| EXERCISE DESCRIPTION |
Nothing but the lines below between the line holding "Indiana Beauty Empire" and the line holding "NP-N230P, NP-N250, NP-N250P", inclusive, should appear in the answer, each set down exactly.

| RECORDS SHOWN |
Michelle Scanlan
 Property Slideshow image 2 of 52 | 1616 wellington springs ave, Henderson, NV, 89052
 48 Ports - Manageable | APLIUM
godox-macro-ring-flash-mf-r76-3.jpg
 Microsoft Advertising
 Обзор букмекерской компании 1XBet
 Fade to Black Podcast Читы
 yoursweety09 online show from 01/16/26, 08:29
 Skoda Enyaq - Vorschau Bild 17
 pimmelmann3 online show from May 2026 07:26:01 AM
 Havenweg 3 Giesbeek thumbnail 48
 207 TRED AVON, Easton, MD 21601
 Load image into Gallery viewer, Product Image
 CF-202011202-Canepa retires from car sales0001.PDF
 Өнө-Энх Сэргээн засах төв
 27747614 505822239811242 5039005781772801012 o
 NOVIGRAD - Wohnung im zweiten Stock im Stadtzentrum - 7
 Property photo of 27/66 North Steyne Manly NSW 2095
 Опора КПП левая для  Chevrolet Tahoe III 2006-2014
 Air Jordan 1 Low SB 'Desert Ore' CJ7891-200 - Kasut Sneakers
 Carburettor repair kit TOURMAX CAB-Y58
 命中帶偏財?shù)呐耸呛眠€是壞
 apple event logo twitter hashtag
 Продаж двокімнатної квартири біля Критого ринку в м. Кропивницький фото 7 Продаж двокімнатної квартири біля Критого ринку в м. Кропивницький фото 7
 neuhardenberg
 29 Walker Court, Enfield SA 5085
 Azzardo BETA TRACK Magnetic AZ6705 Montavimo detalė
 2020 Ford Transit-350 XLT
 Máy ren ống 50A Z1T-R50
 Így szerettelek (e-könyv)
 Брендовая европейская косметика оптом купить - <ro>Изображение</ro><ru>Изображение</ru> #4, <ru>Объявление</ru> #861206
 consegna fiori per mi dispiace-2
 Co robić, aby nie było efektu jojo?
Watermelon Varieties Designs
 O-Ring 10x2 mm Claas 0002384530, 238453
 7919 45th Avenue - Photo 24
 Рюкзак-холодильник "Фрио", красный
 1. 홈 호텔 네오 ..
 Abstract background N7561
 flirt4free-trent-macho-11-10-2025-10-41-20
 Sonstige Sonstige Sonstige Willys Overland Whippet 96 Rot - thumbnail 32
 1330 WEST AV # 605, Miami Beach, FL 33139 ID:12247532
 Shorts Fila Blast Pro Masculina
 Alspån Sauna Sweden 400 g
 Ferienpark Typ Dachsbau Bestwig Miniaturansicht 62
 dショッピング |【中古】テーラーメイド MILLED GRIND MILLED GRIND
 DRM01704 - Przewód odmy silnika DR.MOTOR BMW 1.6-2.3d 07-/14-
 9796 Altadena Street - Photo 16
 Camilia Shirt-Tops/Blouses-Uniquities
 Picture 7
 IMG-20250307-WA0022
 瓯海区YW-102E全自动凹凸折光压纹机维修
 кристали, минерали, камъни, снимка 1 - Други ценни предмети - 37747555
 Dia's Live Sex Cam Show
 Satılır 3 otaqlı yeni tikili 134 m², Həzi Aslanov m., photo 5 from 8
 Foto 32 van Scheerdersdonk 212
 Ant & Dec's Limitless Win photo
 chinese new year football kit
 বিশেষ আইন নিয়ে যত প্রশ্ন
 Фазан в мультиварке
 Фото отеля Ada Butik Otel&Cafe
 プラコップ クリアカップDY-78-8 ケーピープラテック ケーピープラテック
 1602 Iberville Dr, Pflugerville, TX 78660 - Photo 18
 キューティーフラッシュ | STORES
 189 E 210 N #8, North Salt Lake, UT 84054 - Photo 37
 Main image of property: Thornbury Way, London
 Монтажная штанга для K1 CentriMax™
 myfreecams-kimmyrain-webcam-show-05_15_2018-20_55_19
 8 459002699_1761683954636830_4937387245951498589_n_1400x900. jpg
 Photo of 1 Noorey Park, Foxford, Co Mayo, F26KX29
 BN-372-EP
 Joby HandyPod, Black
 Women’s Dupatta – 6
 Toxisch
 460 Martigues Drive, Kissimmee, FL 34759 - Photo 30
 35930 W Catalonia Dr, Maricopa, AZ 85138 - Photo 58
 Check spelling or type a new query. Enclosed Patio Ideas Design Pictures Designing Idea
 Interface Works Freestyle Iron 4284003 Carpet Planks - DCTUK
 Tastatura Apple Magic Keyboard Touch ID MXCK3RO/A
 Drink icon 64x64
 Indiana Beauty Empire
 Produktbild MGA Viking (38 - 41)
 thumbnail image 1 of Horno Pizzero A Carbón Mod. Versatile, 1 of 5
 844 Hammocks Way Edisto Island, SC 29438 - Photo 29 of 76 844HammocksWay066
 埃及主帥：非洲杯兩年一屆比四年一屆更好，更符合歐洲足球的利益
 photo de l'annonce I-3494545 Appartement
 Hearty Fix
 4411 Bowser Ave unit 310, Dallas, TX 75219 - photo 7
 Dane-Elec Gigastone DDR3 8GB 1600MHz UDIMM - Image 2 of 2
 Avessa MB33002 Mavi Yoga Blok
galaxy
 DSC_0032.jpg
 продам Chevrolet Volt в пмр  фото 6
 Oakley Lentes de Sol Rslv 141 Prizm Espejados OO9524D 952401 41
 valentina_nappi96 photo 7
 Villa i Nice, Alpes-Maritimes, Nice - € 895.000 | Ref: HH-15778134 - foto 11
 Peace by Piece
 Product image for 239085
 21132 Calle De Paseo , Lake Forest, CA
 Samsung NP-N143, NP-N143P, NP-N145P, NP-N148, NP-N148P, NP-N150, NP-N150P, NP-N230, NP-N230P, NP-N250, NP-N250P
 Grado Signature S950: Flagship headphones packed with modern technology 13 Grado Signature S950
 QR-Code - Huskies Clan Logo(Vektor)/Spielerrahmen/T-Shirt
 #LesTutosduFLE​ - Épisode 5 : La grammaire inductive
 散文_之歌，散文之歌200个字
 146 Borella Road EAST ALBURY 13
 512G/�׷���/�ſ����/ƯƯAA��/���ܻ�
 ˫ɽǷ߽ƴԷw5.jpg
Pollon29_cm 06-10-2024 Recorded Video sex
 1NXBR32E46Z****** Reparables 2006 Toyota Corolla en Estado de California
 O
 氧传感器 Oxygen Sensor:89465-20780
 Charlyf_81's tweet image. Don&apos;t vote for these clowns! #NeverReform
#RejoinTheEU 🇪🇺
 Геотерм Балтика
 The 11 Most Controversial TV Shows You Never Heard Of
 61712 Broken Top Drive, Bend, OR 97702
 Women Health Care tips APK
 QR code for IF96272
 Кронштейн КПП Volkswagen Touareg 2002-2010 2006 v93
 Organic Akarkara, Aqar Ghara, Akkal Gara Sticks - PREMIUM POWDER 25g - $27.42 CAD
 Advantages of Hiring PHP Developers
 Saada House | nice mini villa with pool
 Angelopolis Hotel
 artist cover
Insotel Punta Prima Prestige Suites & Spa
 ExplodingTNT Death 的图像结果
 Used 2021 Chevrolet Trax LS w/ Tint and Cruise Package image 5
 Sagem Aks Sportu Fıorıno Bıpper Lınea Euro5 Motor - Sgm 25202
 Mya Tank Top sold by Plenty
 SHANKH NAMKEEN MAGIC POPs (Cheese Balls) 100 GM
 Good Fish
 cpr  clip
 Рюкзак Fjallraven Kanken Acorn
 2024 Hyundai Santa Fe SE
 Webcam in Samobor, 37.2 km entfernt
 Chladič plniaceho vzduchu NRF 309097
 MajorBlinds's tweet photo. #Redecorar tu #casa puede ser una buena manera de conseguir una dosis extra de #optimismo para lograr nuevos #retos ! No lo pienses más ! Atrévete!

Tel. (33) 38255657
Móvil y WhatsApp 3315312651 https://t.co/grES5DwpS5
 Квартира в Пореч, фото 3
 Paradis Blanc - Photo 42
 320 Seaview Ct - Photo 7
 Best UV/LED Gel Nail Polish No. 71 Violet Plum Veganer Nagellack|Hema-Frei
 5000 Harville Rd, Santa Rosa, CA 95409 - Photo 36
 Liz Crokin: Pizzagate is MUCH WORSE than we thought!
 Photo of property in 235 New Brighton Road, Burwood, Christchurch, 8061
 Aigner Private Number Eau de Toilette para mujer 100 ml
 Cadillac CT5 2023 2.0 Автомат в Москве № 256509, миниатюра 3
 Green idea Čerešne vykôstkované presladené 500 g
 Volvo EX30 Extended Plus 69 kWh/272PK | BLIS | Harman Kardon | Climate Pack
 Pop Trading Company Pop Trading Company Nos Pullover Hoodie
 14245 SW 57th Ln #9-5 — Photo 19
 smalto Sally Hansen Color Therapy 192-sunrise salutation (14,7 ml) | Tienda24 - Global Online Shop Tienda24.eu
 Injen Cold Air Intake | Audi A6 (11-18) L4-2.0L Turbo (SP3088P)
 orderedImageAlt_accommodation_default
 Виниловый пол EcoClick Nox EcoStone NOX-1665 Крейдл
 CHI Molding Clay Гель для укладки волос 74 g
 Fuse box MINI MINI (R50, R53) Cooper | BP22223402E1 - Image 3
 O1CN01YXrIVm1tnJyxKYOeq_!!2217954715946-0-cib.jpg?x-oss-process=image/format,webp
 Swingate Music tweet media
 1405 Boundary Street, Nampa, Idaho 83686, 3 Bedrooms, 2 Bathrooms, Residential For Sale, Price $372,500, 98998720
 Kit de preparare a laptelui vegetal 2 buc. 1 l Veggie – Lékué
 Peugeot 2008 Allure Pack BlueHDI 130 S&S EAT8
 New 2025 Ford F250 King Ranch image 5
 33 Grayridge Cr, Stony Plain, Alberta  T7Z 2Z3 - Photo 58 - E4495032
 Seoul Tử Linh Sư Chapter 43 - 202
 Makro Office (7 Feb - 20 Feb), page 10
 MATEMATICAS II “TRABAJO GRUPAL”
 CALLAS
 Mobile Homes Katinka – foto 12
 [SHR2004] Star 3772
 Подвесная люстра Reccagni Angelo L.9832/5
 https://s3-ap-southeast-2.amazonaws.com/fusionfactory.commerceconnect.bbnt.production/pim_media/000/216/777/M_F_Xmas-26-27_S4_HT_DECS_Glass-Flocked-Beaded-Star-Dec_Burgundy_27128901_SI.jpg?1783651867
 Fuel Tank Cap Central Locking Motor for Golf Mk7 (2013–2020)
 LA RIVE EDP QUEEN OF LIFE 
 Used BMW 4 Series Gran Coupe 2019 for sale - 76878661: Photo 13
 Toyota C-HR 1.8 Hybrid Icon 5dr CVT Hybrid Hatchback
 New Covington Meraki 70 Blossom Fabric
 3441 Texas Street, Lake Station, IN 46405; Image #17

| TASK OUTPUT |
 Indiana Beauty Empire
 Produktbild MGA Viking (38 - 41)
 thumbnail image 1 of Horno Pizzero A Carbón Mod. Versatile, 1 of 5
 844 Hammocks Way Edisto Island, SC 29438 - Photo 29 of 76 844HammocksWay066
 埃及主帥：非洲杯兩年一屆比四年一屆更好，更符合歐洲足球的利益
 photo de l'annonce I-3494545 Appartement
 Hearty Fix
 4411 Bowser Ave unit 310, Dallas, TX 75219 - photo 7
 Dane-Elec Gigastone DDR3 8GB 1600MHz UDIMM - Image 2 of 2
 Avessa MB33002 Mavi Yoga Blok
galaxy
 DSC_0032.jpg
 продам Chevrolet Volt в пмр  фото 6
 Oakley Lentes de Sol Rslv 141 Prizm Espejados OO9524D 952401 41
 valentina_nappi96 photo 7
 Villa i Nice, Alpes-Maritimes, Nice - € 895.000 | Ref: HH-15778134 - foto 11
 Peace by Piece
 Product image for 239085
 21132 Calle De Paseo , Lake Forest, CA
 Samsung NP-N143, NP-N143P, NP-N145P, NP-N148, NP-N148P, NP-N150, NP-N150P, NP-N230, NP-N230P, NP-N250, NP-N250P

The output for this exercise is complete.